Here is the summary for this month’s Global Manufacturing Economic Update:

The International Monetary Fund (IMF) slightly downgraded its estimates of worldwide output for this year and next year. The IMF now forecasts global GDP to increase by 2.9 percent this year, down from the 3.2 percent estimate predicted three months ago. The lower figure was mostly attributable to some deceleration in emerging economies in Asia, Russia, Latin America and the Middle East. It also reflects a marginal downgrade in the forecast for the United States—consistent with other recent data—to 1.6 percent and 2.6 percent growth in 2013 and 2014, respectively. This is somewhat below the forecasted ranges stated by the Federal Reserve Board a few weeks ago. Yet, the IMF also acknowledges the current budgetary impasse in Washington, which could reduce growth in the fourth quarter and perhaps beyond. However, the IMF projections assume that “the ongoing shutdown in the federal government will be short-lived and the debt ceiling will be raised on time.”

With the federal government shutdown, U.S. statistical agencies have been unable to release updates to many key economic indicators that we rely on. This includes the release of August’s international trade data that were postponed on Tuesday. Without this information, it is difficult to ascertain whether or not we have begun to gain some traction in increasing manufactured goods exports, which have risen a paltry 1.6 percent through the first seven months of 2013 relative to the same time period in 2012. When the August data are released, we will look for some improvement to that figure.

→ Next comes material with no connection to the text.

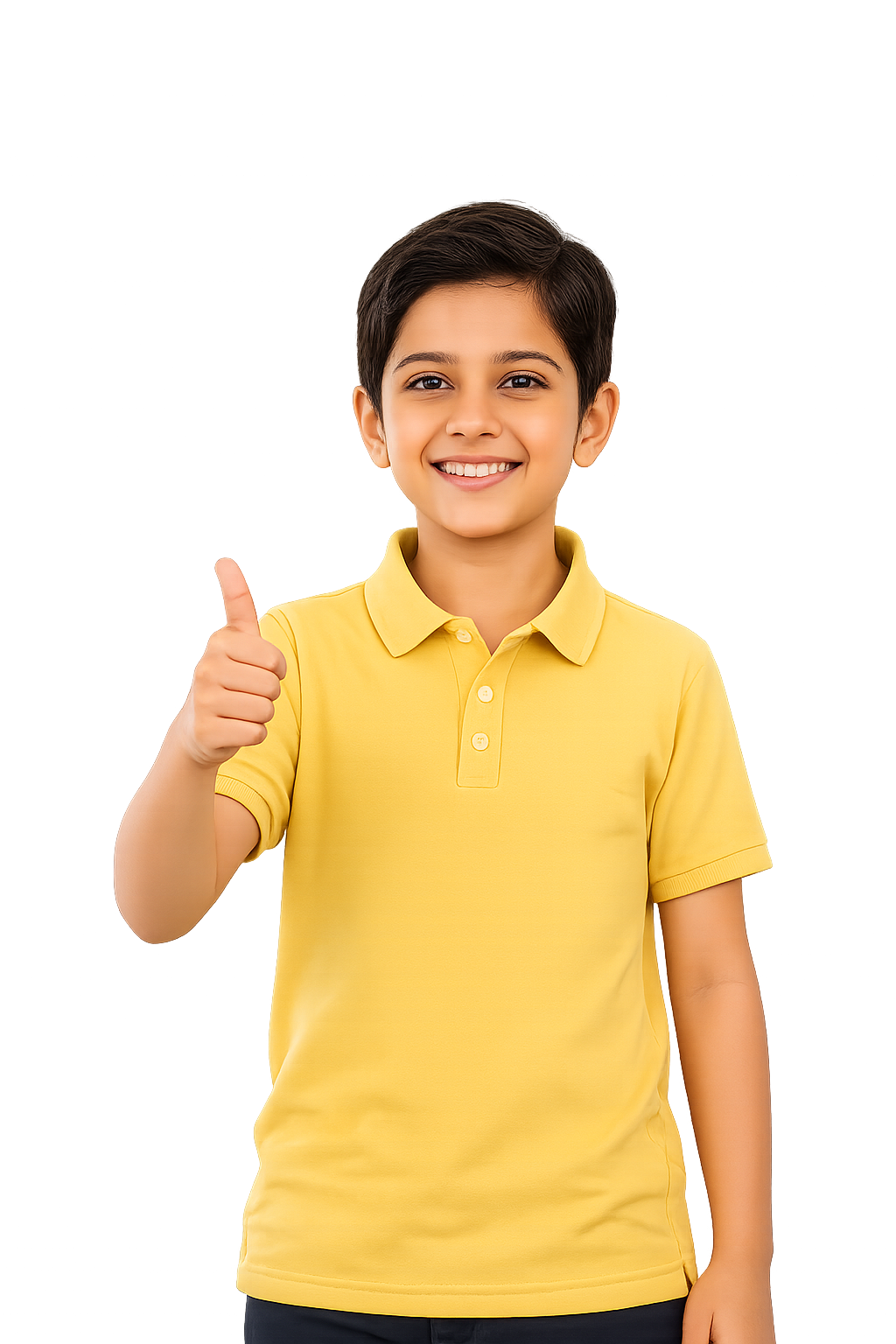 Smiling boy giving thumbs up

Many of our largest trading partners have seen progress in their economies of late, which should bode well for increased demand moving forward. While the IMF downgraded its overall forecasts, there were also signs of stabilization in the data for both Europe and China. The IMF now predicts real GDP growth of 1.0 percent in 2014, which would be its first positive annual growth rate since 2011. Europe has suffered from a severe recession for the past few years, but the good news was that the Markit Eurozone Manufacturing Purchasing Managers’ Index (PMI) has shown a gradual expansion every month during the third quarter. Even with some easing in September, new orders, output, utilization and exports continued to grow. However, manufacturers remain hesitant to hire.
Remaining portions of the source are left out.